ARIA integrates the flexibility of an agentic AI marketplace with up-and-coming wearable technology.
Wearable display technology - such as Meta’s Ray-Ban smart glasses, is rapidly emerging as the next evolution of personal computing. Unlike phones, which require deliberate interaction, wearables offer an always-on, hands-free experience that integrates seamlessly into daily life. These devices perceive the world exactly as the user does, capturing both visual and auditory context continuously throughout the day.
However, this new level of immersion introduces a unique challenge: an AI assistant must now adapt to an ever-changing environment and be able to provide value in a wide range of unpredictable, context-specific tasks.
ASI:1 provides the ideal solution. Its agentic marketplace enables specialized autonomous agents to collaborate dynamically, handling diverse tasks each with expertise. Together, they form a flexible, intelligent ecosystem perfectly suited for the demands of wearable computing, where real-world context and constant adaptation are key.
As wearable display devices are still emerging and relatively difficult to access in Australia, this project was simulated on a mobile device. Throughout this section, the term “wearable device” refers to this simulated mobile implementation.
The project was developed using React Native with the Expo framework for the front-end interface, supported by a TypeScript backend. Information is gathered from the device’s camera and microphone, which capture visual and auditory inputs respectively. These inputs are then processed through OpenAI’s LLM APIs, which transcribe the audio and generate detailed descriptions of the visual context. Once this contextual data is available, the user’s commands are executed by ASI:1 agents.

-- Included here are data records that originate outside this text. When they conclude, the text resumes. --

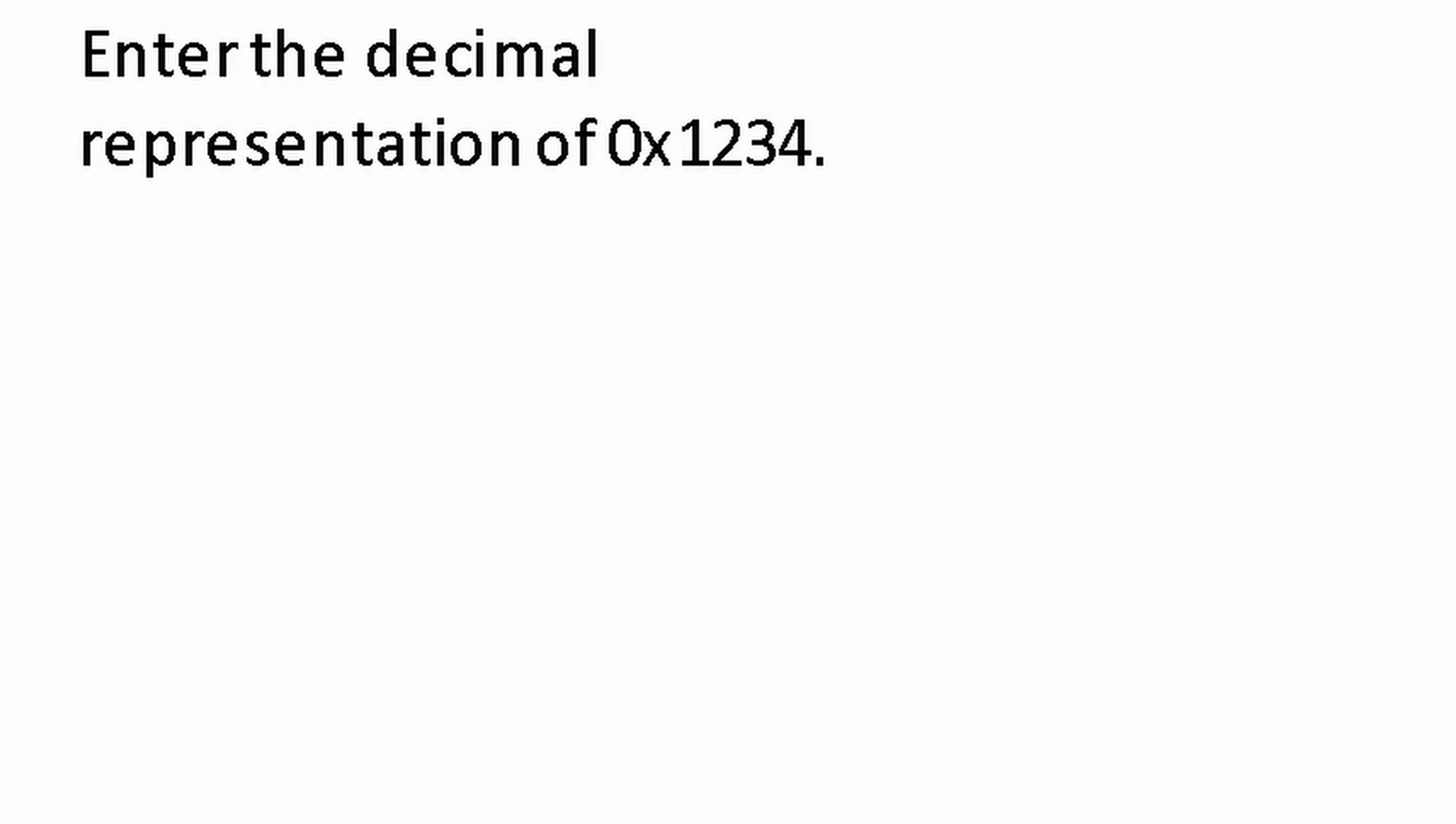We want to enter the decimal representation of 0x1234. So essentially what we're doing is we are converting from hexadecimal to decimal. The way you know this is a hexadecimal is because of the 0x. If there's a 0x in front of any number, it means that it's hexadecimal.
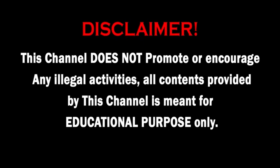This channel does not promote or encourage any illegal activities. All contents provided by this channel are meant for educational purposes.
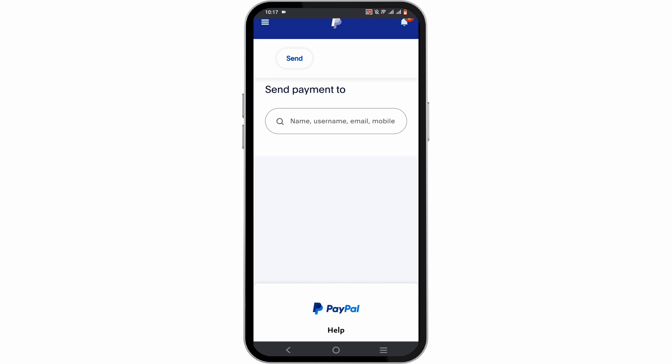In the search bar, you can use your friend's or family member's name, username, email address, or mobile number that is associated with their respective PayPal account. After you have found the user, you can select them.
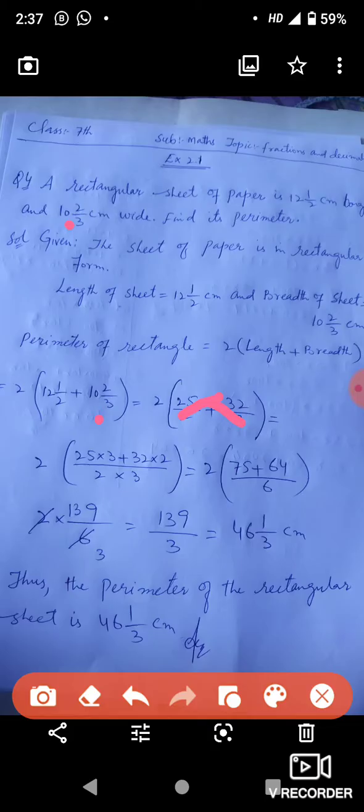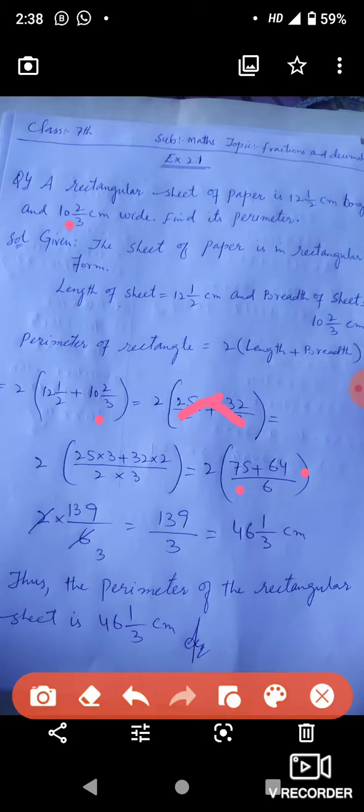यानी denominator को denominator के साथ multiply करके: 2 × (75 + 64) / 6. वो हमारे पास होगा 2 × 139/6. अब हमने इसको simplify करके 6 के साथ 2 cancel करेंगे तो आएगा 139/3.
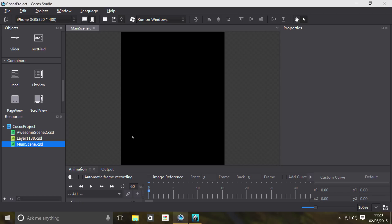Hello, in this video we're gonna show you the page view container object. A page view basically allows you to group items in pages. An example of this is on a level select screen such as the game Angry Birds and many other games as well.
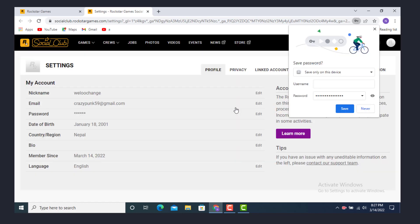And this is how you can change your password on Rockstar Games. So I hope you like the video. Don't forget to like, share, and comment. Thanks for watching.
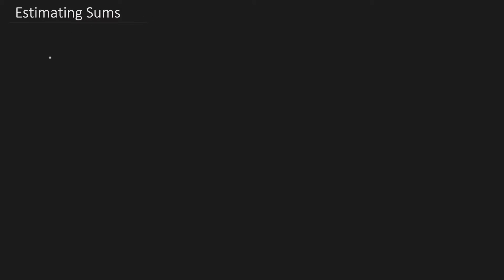First we have to figure out what operation is it - is it subtraction, addition, what is it? The clue here is a total of an addition problem, right? So it has to be an addition. So let's do a problem: we have 84 plus 39.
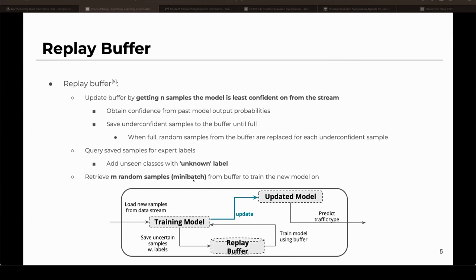Some important things to note: the buffer is fixed in size to prevent memory from growing unnecessarily large, and it will randomly replace old samples with new samples once it is full. Samples saved to the buffer need to get a label from experts to allow the model to learn from them. These labeled samples will then update the model, which will be predicting traffic types in real time.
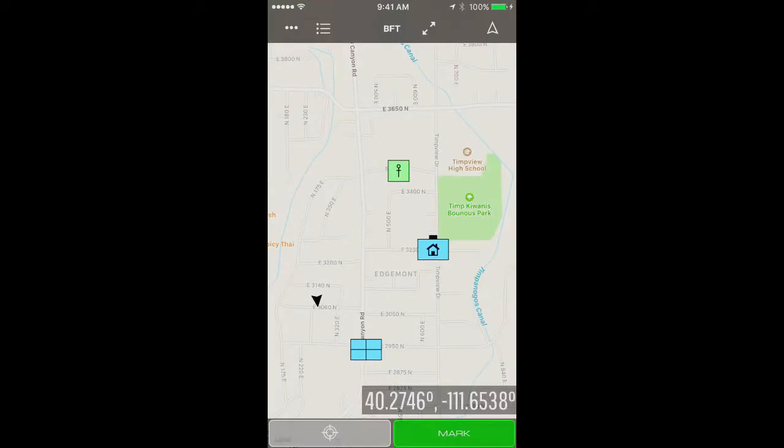Hi, this is Weston. We are continuing our feature review series of SITREP, a real-time collaborative mapping platform. Today we are reviewing the data log in SITREP.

The system first employs an ASI:1-fast agent to determine whether visual data or agentic reasoning is required. Since both processes are computationally intensive, this decision layer ensures that simple queries are handled quickly while avoiding unnecessary processing. For more complex tasks, the operation is delegated to ASI:1-fast-agentic, which autonomously coordinates within the ASI agent network to identify and engage the most suitable expert agent for execution. This backend was implemented in TypeScript.